>>>

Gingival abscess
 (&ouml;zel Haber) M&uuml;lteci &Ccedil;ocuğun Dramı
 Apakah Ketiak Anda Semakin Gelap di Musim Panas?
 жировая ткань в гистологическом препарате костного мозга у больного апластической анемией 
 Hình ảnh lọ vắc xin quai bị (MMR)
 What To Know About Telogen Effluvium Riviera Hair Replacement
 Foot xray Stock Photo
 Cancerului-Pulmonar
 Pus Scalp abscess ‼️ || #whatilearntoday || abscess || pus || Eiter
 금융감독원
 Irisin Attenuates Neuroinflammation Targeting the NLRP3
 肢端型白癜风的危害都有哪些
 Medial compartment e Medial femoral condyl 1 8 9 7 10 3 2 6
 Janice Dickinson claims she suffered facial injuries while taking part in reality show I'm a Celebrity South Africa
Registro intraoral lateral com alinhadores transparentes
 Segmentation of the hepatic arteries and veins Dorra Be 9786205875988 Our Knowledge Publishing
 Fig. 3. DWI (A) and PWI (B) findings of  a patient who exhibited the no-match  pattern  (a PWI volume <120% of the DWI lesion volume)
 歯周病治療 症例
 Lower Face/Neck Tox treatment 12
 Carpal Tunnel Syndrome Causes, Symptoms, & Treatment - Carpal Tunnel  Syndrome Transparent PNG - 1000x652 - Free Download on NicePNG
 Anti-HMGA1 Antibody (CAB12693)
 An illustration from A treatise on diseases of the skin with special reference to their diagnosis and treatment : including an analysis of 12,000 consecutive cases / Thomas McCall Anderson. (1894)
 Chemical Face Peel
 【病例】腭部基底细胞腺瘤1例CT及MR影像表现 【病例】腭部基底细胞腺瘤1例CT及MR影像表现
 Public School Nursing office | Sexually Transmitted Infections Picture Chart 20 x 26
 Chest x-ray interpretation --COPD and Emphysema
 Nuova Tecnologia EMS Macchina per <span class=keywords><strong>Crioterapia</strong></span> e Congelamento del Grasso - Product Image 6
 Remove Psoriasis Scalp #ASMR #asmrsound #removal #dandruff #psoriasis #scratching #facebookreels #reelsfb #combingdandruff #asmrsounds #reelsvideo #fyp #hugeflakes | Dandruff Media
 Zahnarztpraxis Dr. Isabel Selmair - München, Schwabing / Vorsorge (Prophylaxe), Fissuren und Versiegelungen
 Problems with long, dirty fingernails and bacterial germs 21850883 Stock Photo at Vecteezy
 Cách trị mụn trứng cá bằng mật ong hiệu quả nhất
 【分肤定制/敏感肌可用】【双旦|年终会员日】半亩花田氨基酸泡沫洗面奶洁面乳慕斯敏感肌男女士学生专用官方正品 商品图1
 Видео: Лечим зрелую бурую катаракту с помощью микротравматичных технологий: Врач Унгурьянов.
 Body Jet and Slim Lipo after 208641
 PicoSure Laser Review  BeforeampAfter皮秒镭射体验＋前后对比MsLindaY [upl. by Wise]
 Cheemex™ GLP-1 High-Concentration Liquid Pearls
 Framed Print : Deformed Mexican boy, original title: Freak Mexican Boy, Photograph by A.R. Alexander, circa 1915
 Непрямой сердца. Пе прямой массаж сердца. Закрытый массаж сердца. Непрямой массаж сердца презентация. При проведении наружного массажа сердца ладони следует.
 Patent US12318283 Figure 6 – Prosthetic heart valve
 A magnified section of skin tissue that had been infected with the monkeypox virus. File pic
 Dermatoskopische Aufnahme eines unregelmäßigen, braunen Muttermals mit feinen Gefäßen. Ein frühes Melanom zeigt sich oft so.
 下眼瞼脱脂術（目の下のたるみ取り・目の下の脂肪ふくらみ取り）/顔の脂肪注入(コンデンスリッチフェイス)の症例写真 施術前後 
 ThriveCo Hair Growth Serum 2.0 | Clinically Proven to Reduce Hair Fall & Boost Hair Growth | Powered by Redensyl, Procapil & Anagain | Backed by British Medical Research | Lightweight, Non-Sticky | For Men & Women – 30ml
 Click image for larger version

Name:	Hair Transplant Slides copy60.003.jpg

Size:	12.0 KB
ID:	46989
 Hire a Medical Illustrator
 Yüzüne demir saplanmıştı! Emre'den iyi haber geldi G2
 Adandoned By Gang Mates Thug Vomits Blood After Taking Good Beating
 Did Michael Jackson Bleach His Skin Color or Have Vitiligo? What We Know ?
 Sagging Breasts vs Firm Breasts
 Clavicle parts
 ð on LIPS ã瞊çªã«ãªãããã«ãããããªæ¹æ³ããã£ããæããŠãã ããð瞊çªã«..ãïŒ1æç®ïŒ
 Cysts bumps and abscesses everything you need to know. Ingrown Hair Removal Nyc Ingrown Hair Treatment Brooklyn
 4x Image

<<<

Reproduce exactly the first line of the listing and every line after it, through the one containing "Anti-HMGA1 Antibody (CAB12693)". Nothing else belongs in the output.

Gingival abscess
 (&ouml;zel Haber) M&uuml;lteci &Ccedil;ocuğun Dramı
 Apakah Ketiak Anda Semakin Gelap di Musim Panas?
 жировая ткань в гистологическом препарате костного мозга у больного апластической анемией 
 Hình ảnh lọ vắc xin quai bị (MMR)
 What To Know About Telogen Effluvium Riviera Hair Replacement
 Foot xray Stock Photo
 Cancerului-Pulmonar
 Pus Scalp abscess ‼️ || #whatilearntoday || abscess || pus || Eiter
 금융감독원
 Irisin Attenuates Neuroinflammation Targeting the NLRP3
 肢端型白癜风的危害都有哪些
 Medial compartment e Medial femoral condyl 1 8 9 7 10 3 2 6
 Janice Dickinson claims she suffered facial injuries while taking part in reality show I'm a Celebrity South Africa
Registro intraoral lateral com alinhadores transparentes
 Segmentation of the hepatic arteries and veins Dorra Be 9786205875988 Our Knowledge Publishing
 Fig. 3. DWI (A) and PWI (B) findings of  a patient who exhibited the no-match  pattern  (a PWI volume <120% of the DWI lesion volume)
 歯周病治療 症例
 Lower Face/Neck Tox treatment 12
 Carpal Tunnel Syndrome Causes, Symptoms, & Treatment - Carpal Tunnel  Syndrome Transparent PNG - 1000x652 - Free Download on NicePNG
 Anti-HMGA1 Antibody (CAB12693)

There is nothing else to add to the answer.